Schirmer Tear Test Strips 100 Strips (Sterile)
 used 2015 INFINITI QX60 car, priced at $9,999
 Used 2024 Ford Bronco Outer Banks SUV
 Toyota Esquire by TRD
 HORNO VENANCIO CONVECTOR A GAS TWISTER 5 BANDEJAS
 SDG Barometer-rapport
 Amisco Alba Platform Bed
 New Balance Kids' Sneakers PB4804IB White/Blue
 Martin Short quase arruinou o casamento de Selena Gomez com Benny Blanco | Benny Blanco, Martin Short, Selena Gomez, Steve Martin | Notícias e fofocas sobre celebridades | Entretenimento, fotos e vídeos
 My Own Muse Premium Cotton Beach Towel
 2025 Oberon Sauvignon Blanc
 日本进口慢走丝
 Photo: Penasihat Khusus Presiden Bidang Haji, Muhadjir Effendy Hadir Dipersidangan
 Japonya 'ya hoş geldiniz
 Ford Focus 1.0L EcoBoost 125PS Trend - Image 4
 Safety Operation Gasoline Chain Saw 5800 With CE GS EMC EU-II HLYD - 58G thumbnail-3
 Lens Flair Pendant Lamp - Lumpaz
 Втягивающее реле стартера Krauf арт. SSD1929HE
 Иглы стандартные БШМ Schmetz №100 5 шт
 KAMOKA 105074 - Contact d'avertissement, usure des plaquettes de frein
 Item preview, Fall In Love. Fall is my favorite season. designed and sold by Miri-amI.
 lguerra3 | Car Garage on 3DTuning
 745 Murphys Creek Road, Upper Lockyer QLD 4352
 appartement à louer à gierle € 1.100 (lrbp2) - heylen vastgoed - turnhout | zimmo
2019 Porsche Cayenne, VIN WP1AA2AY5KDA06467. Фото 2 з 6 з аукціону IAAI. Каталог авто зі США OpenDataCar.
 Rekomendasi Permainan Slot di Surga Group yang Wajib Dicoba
- - - - - - -
**TASK TO COMPLETE:** Only the lines from the one that holds "Item preview, Fall" through the end of the records should appear in the answer, each restated exactly.

**YOUR RESPONSE:**
 Item preview, Fall In Love. Fall is my favorite season. designed and sold by Miri-amI.
 lguerra3 | Car Garage on 3DTuning
 745 Murphys Creek Road, Upper Lockyer QLD 4352
 appartement à louer à gierle € 1.100 (lrbp2) - heylen vastgoed - turnhout | zimmo
2019 Porsche Cayenne, VIN WP1AA2AY5KDA06467. Фото 2 з 6 з аукціону IAAI. Каталог авто зі США OpenDataCar.
 Rekomendasi Permainan Slot di Surga Group yang Wajib Dicoba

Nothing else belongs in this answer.